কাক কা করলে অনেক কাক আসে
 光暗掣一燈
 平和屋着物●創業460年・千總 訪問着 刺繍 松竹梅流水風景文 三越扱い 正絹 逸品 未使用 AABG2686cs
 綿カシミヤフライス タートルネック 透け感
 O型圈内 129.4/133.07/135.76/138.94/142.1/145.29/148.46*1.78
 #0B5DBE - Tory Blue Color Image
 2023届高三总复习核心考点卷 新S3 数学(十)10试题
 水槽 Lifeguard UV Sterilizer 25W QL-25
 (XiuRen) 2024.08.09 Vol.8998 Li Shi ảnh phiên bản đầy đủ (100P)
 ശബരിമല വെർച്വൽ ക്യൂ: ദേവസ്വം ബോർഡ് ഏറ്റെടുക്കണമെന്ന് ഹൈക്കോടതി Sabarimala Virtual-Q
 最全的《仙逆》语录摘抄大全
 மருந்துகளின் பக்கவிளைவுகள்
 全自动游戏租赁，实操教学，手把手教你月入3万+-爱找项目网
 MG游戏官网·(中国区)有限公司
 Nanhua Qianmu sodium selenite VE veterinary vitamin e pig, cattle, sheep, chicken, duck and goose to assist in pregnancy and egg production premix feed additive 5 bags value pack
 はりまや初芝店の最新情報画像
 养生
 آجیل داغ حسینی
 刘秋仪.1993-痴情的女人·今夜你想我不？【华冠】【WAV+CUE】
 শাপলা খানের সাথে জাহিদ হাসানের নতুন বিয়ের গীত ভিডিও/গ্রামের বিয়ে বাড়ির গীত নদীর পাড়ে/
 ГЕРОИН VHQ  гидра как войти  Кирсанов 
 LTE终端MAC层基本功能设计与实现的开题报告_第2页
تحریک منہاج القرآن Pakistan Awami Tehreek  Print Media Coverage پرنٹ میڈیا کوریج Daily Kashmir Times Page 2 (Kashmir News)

========

ACTIVITY — Your answer must consist of every line above, reproduced exactly.

SOLUTION FOR THIS PROBLEM —
কাক কা করলে অনেক কাক আসে
 光暗掣一燈
 平和屋着物●創業460年・千總 訪問着 刺繍 松竹梅流水風景文 三越扱い 正絹 逸品 未使用 AABG2686cs
 綿カシミヤフライス タートルネック 透け感
 O型圈内 129.4/133.07/135.76/138.94/142.1/145.29/148.46*1.78
 #0B5DBE - Tory Blue Color Image
 2023届高三总复习核心考点卷 新S3 数学(十)10试题
 水槽 Lifeguard UV Sterilizer 25W QL-25
 (XiuRen) 2024.08.09 Vol.8998 Li Shi ảnh phiên bản đầy đủ (100P)
 ശബരിമല വെർച്വൽ ക്യൂ: ദേവസ്വം ബോർഡ് ഏറ്റെടുക്കണമെന്ന് ഹൈക്കോടതി Sabarimala Virtual-Q
 最全的《仙逆》语录摘抄大全
 மருந்துகளின் பக்கவிளைவுகள்
 全自动游戏租赁，实操教学，手把手教你月入3万+-爱找项目网
 MG游戏官网·(中国区)有限公司
 Nanhua Qianmu sodium selenite VE veterinary vitamin e pig, cattle, sheep, chicken, duck and goose to assist in pregnancy and egg production premix feed additive 5 bags value pack
 はりまや初芝店の最新情報画像
 养生
 آجیل داغ حسینی
 刘秋仪.1993-痴情的女人·今夜你想我不？【华冠】【WAV+CUE】
 শাপলা খানের সাথে জাহিদ হাসানের নতুন বিয়ের গীত ভিডিও/গ্রামের বিয়ে বাড়ির গীত নদীর পাড়ে/
 ГЕРОИН VHQ  гидра как войти  Кирсанов 
 LTE终端MAC层基本功能设计与实现的开题报告_第2页
تحریک منہاج القرآن Pakistan Awami Tehreek  Print Media Coverage پرنٹ میڈیا کوریج Daily Kashmir Times Page 2 (Kashmir News)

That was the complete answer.